Back on the subject of the RF valves, I found in my stock a few more 30L15s and PCF80s and so I tried a few of these and got a slight improvement to the picture. Also, what I did discover was that the voltage at the anode of V1 was pretty low at 115v versus the 165v specified. Remembering what @freya said about the anode resistors getting cooked by incorrectly placed valves, I thought this was probably the cause, and so I managed with great difficulty to replace the resistor without dismantling or removing the tuner box. It was indeed a little high in value, but not all that much, at about 5.8k. When I tested the voltage again after the replacement, it was up slightly at about 125v - obviously still pretty low. I think I have a slightly perceptible improvement in contrast now though, with the changed valves too.

Photo 03 05 2020, 22 55 35

This picture of the test card was taken with the brightness turned down to suit the light in the room, and at that level the contrast looks acceptable but still not great. When watching actual TV, it's a bit tiring on the eye:

Photo 03 05 2020, 22 57 08

And looking at the grey scale test card on the Hedghog it can be seen that the black isn't very:

Photo 03 05 2020, 22 54 12

It is possible to turn the brightness up so that that white is very bright now, since I rejuvenated the CRT, but then the black is mid-grey.

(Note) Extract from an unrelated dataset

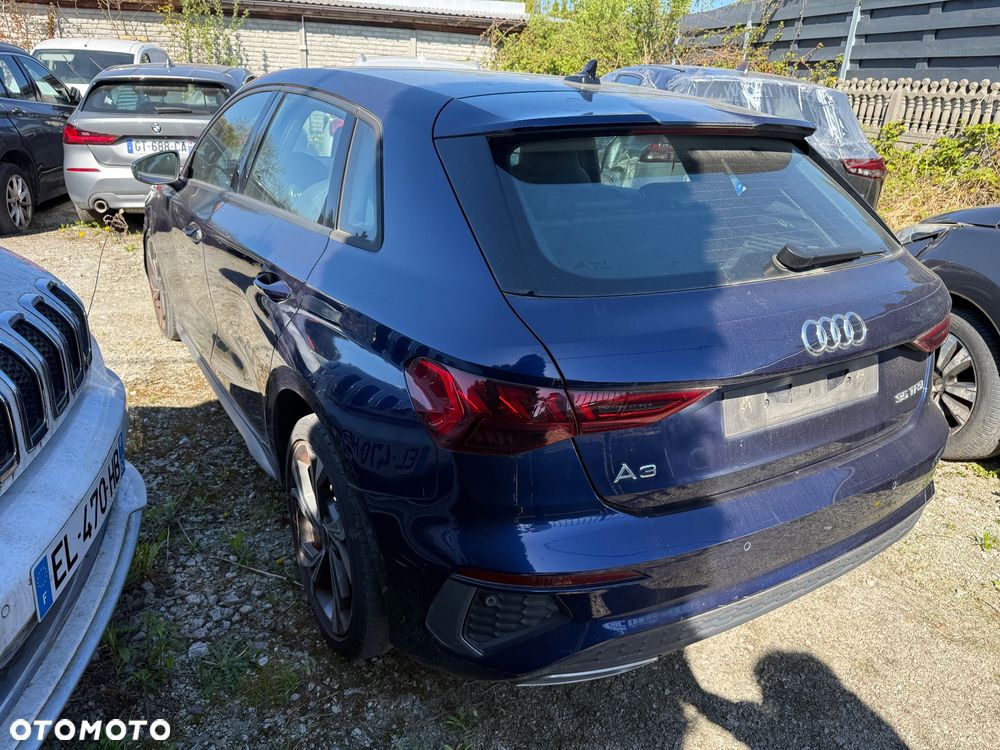Audi A3 Sportback 35 TFSI S tronic S line - 6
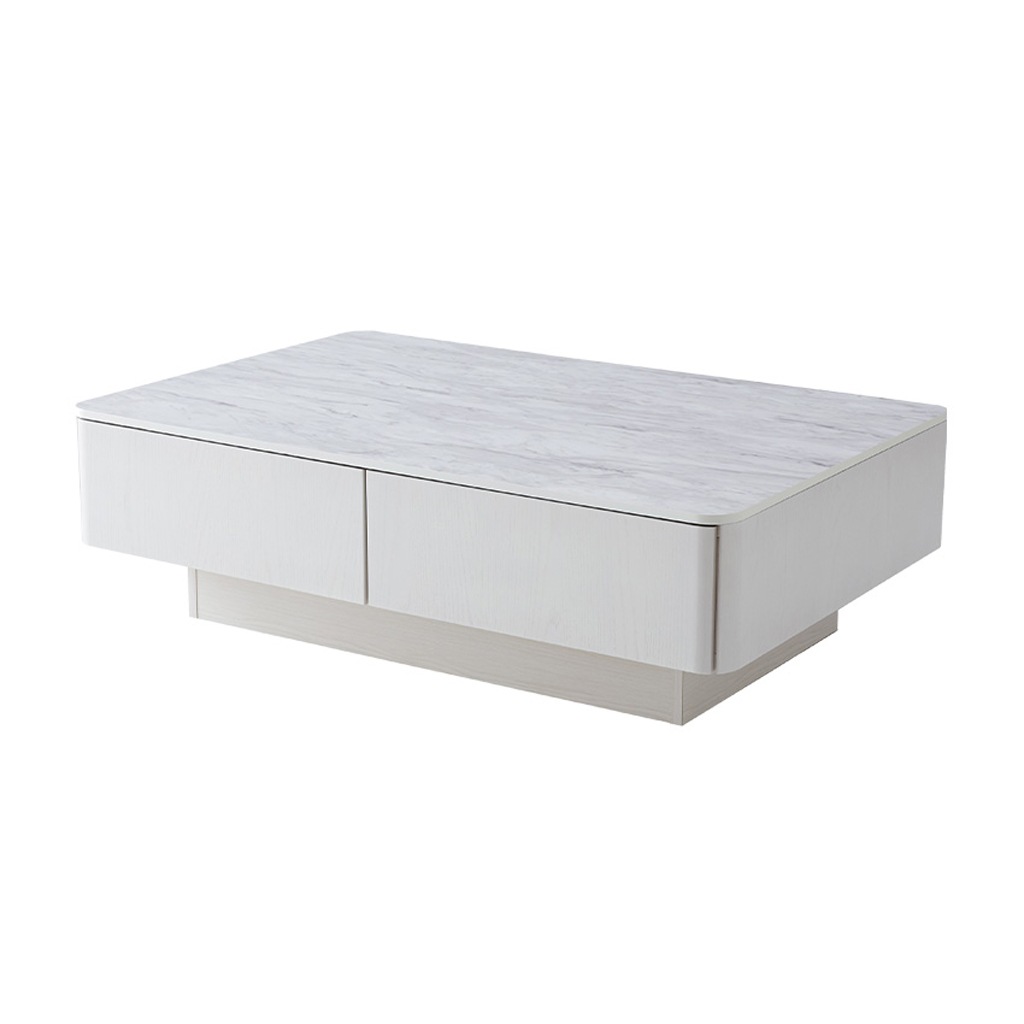 センターテーブル 幅120cm ローテーブル おしゃれ コーヒーテーブル 引き出し 収納 国産 日本 | 26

I decided it was past time that I got the scope out to see what's going on, and hooked up to the CRT cathode showing the above test card, this is what I got (excuse my scope's poor definition):

Photo 03 05 2020, 23 16 49

Now, this is on AC at a scale of 5v/cm, so it looks as though the video waveform is nowhere near as large in magnitude as it ought to be (about 30V to its peak I believe?). It looks to me as though the sync pulse part of that is about correct at around 10v but that it is the video part that's lacking. This was the largest magnitude I could get the video waveform by adjusting the contrast control, any higher and it appears to stay the same or start to compress whilst the pulse waveform grows in magnitude.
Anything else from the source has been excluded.